Des pays comme les Pays-Bas, l’Espagne et le Danemark souhaitent à l’avenir se passer du matériel militaire suisse. Ils craignent de ne pas pouvoir distribuer les marchandises fabriquées en Suisse en cas d’attaque contre un pays de l’OTAN.
P suisse : les règles d'exportation doivent être adaptéesLes pays du monde entier s’arment. L'Europe et l'armée suisse veulent redevenir capables de se défendre après 35 ans de dividendes de la paix. Les entreprises d’armement du monde entier en profitent, mais guère en Suisse en raison des réglementations strictes. Et le marché suisse de l’armement est trop petit pour que des entreprises comme Swiss P puissent survivre. Bien entendu, l’armée suisse a également besoin de munitions pour ses soldats. Dans une interview à la NZZ, le chef de la base logistique, Rolf André Siegenthaler, a expliqué qu'il y avait actuellement suffisamment de munitions pour l'entraînement, mais qu'il n'y avait "pas de stock de guerre". Cela est toutefois planifié en fonction de la vision de l'armée pour l'avenir.
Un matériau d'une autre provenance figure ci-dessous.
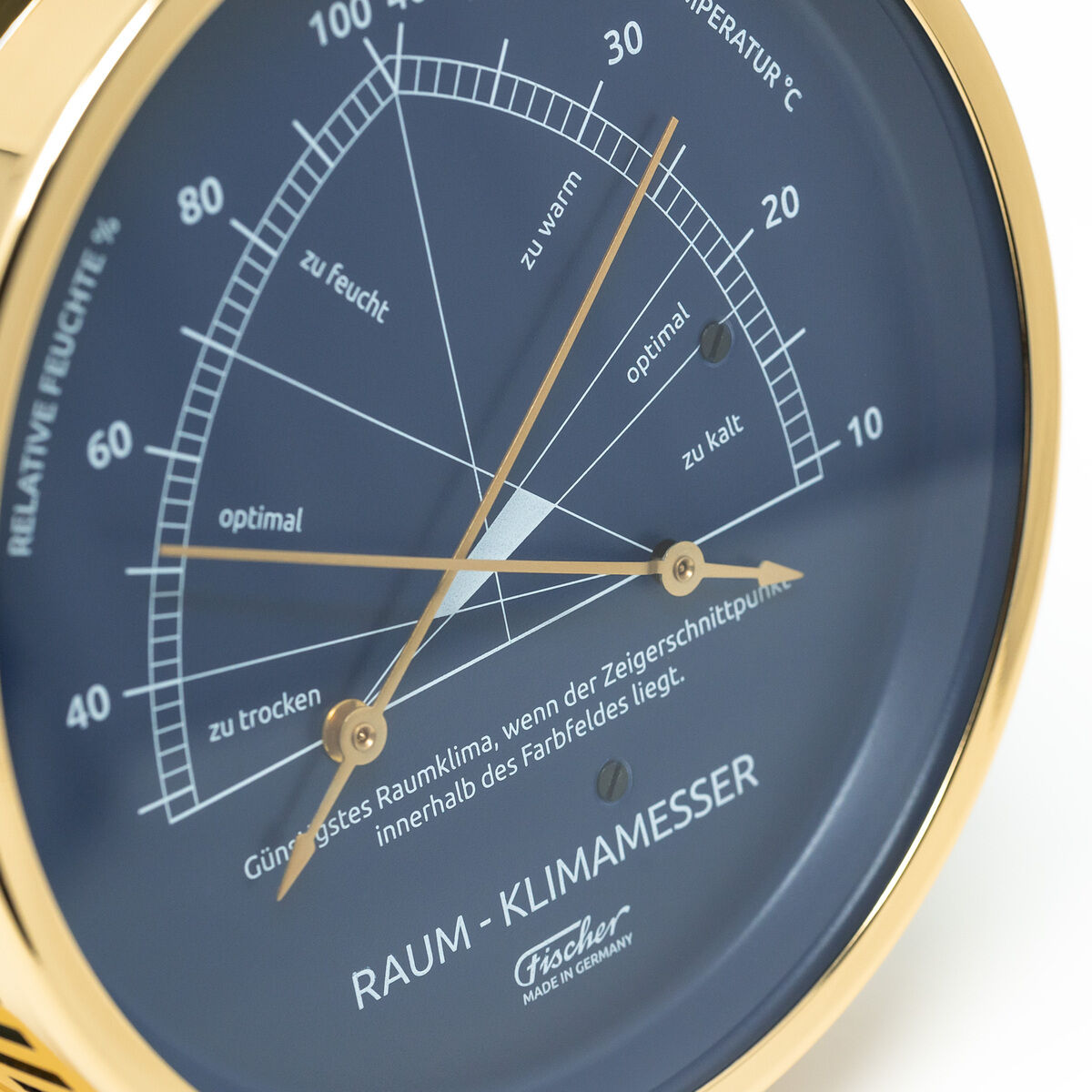 Rundes Messgerät mit blauer Anzeige und goldfarbenem, poliertem Messingrahmen. Das Gerät zeigt Temperatur und relative Luftfeuchte für optimales Raumklima an. Beschriftung in deutscher Sprache mit Skalen für Feuchtigkeit und Temperatur. Elegantes Design für Wohn- und Arbeitsbereiche.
Mais les ordres de l'armée suisse ne suffiront pas à eux seuls à garantir que le Swiss P reste en Suisse. Innovations ou pas. « Maintenir le site de Thoune est un véritable défi », déclare le PDG Hannes Hauri. Les restrictions à l’exportation doivent être ajustées « de toute urgence et rapidement ». Cependant, au cours des trois dernières années, diverses tentatives au Parlement pour assouplir la loi sur le matériel de guerre ont échoué.